──────── AVAILABLE DATA
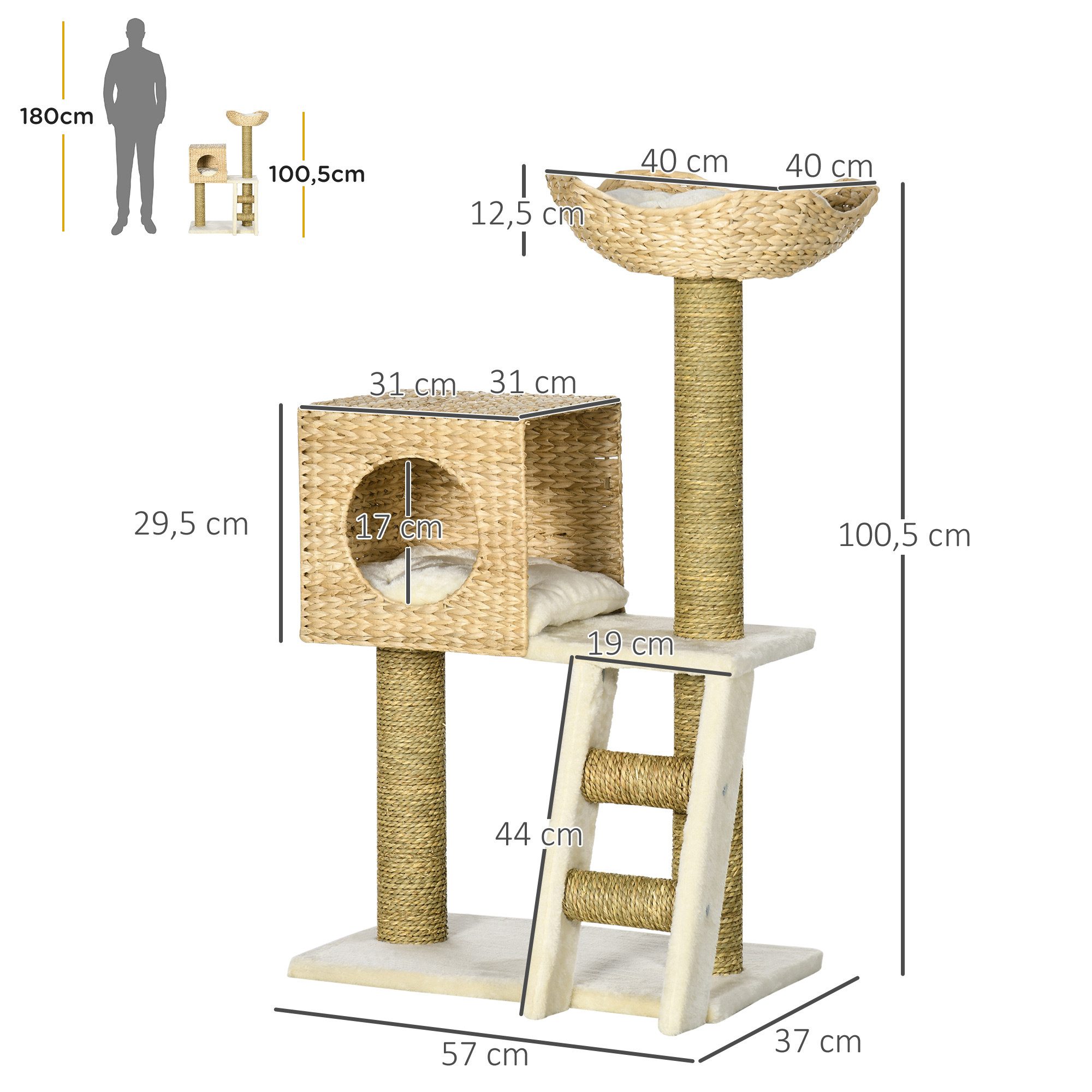 PawHut Kratzbaum 100,5 cm Katzenbaum mit Katzenhöhle, Bett, Treppe, für Katzen bis 4,5 kg, Natur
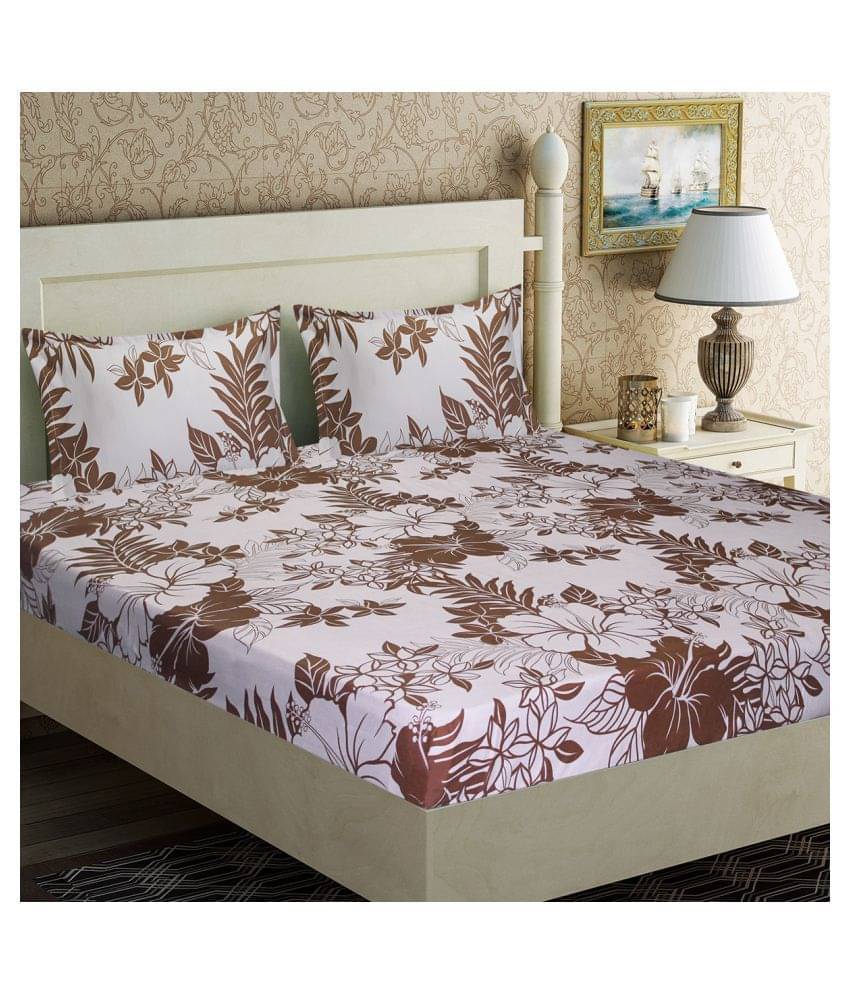     			Home Candy Microfiber Floral Double Bedsheet with 2 Pillow Covers- Brown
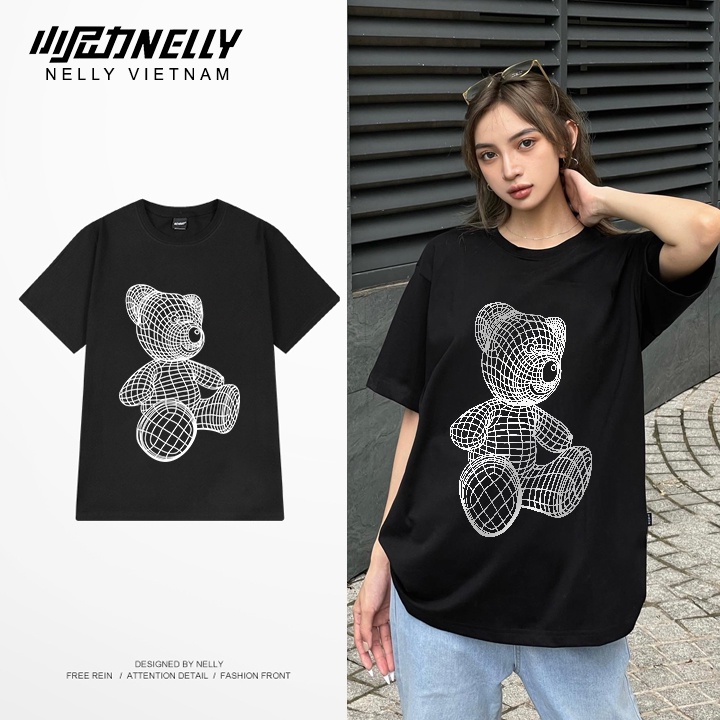 Áo thun tay lỡ NELLY 100% cotton form dáng rộng unisex bear line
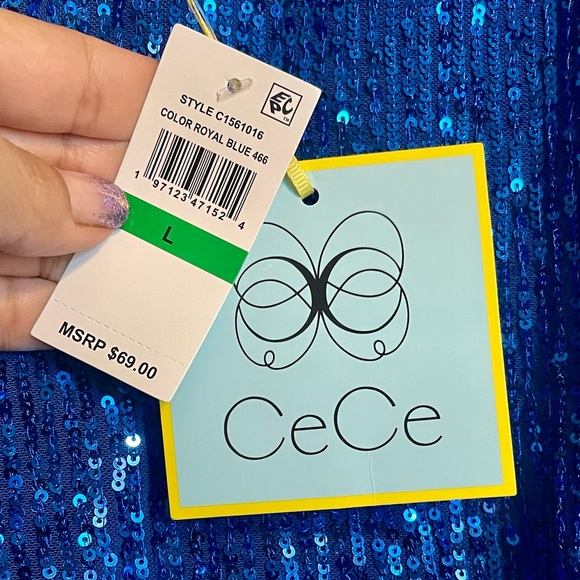 NEW Cece Royal Blue Sequin Top - Picture 7 of 12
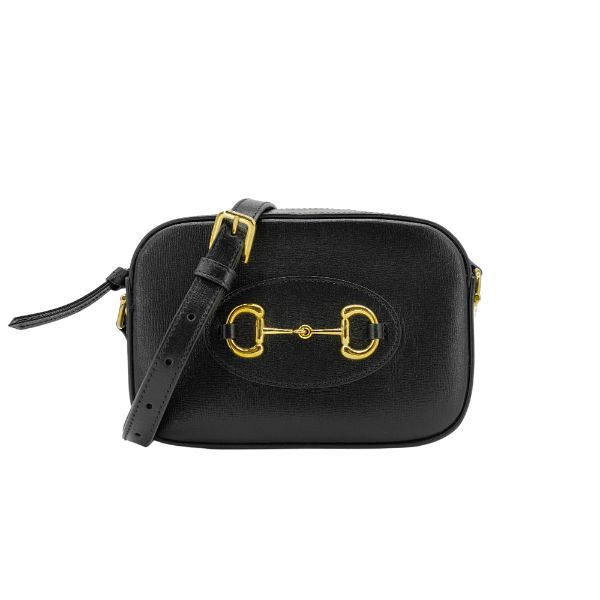 圖片 Gucci 展示品 1955 Horsebit 牛皮馬銜釦金拉鍊斜背相機包(760196-黑)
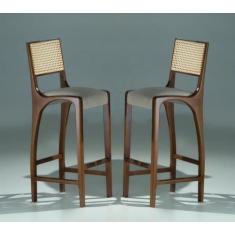 Imagem de Kit 2 Banquetas Lilie Base Champagne Vários Tecidos em Linho e Veludo 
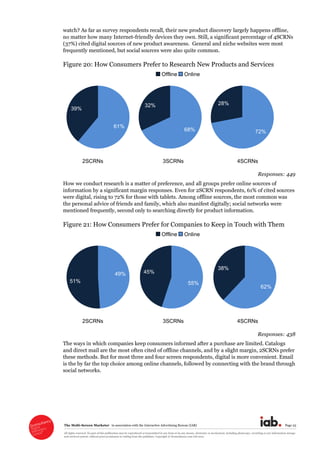 The  Multi-­Screen  Marketer      in  association  with  the  Interactive  Advertising  Bureau  (IAB)   Page  23  
All  rights  reserved.  No  part  of  this  publication  may  be  reproduced  or  transmitted  in  any  form  or  by  any  means,  electronic  or  mechanical,  including  photocopy,  recording  or  any  information  storage  
and  retrieval  system,  without  prior  permission  in  writing  from  the  publisher.  Copyright  ©  Econsultancy.com  Ltd  2012  
watch?  As  far  as  survey  respondents  recall,  their  new  product  discovery  largely  happens  offline,  
no  matter  how  many  Internet-­friendly  devices  they  own.  Still,  a  significant  percentage  of  4SCRNs  
(37%)  cited  digital  sources  of  new  product  awareness.    General  and  niche  websites  were  most  
frequently  mentioned,  but  social  sources  were  also  quite  common.  
Figure  20:  How  Consumers  Prefer  to  Research  New  Products  and  Services  
                           Offline   Online  
  
   2SCRNs 3SCRNs 4SCRNs
Responses:  449  
How  we  conduct  research  is  a  matter  of  preference,  and  all  groups  prefer  online  sources  of  
information  by  a  significant  margin  responses.  Even  for  2SCRN  respondents,  61%  of  cited  sources  
were  digital,  rising  to  72%  for  those  with  tablets.  Among  offline  sources,  the  most  common  was  
the  personal  advice  of  friends  and  family,  which  also  manifest  digitally;;  social  networks  were  
mentioned  frequently,  second  only  to  searching  directly  for  product  information.  
Figure  21:  How  Consumers  Prefer  for  Companies  to  Keep  in  Touch  with  Them
                           Offline   Online  
        
   2SCRNs 3SCRNs 4SCRNs
Responses:  438  
The  ways  in  which  companies  keep  consumers  informed  after  a  purchase  are  limited.  Catalogs  
and  direct  mail  are  the  most  often  cited  of  offline  channels,  and  by  a  slight  margin,  2SCRNs  prefer  
these  methods.  But  for  most  three  and  four  screen  respondents,  digital  is  more  convenient.  Email  
is  the  by  far  the  top  choice  among  online  channels,  followed  by  connecting  with  the  brand  through  
social  networks.  
61%
39%
68%
32%
72%
28%
49%
51% 55%
45%
62%
38%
────────────────
ACTION ITEM: Copy each line of the data above that holds "matter".

RESULT:
no  matter  how  many  Internet-­friendly  devices  they  own.  Still,  a  significant  percentage  of  4SCRNs  
How  we  conduct  research  is  a  matter  of  preference,  and  all  groups  prefer  online  sources  of  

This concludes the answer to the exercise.